◆ Aim of the task: Each line in the material below must be transcribed exactly; no picture belongs in the copy.

◆ Data section:
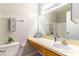 Bathroom featuring a sink and vanity with framed mirror and plants at 4117 S Semoran Blvd # 17, Orlando, FL 32822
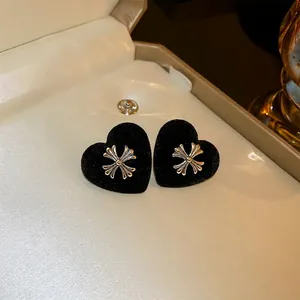 Elegant black flocked heart stud earrings with silver cross motif in a beige jewelry box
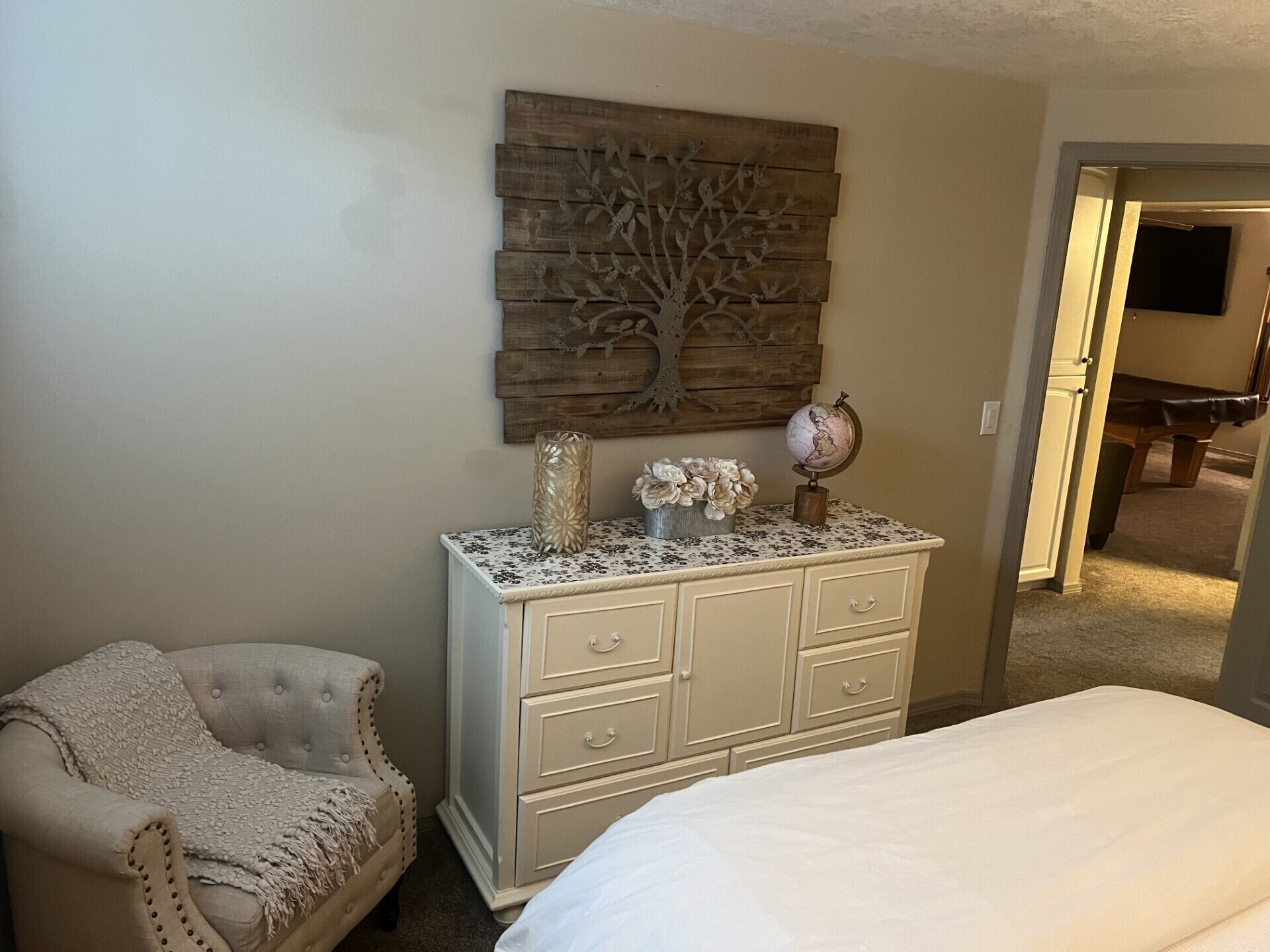 A bedroom with a bed, a dresser, a chair, and a wall-mounted decorative piece.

◆ Answer space:
 Bathroom featuring a sink and vanity with framed mirror and plants at 4117 S Semoran Blvd # 17, Orlando, FL 32822
 Elegant black flocked heart stud earrings with silver cross motif in a beige jewelry box
 A bedroom with a bed, a dresser, a chair, and a wall-mounted decorative piece.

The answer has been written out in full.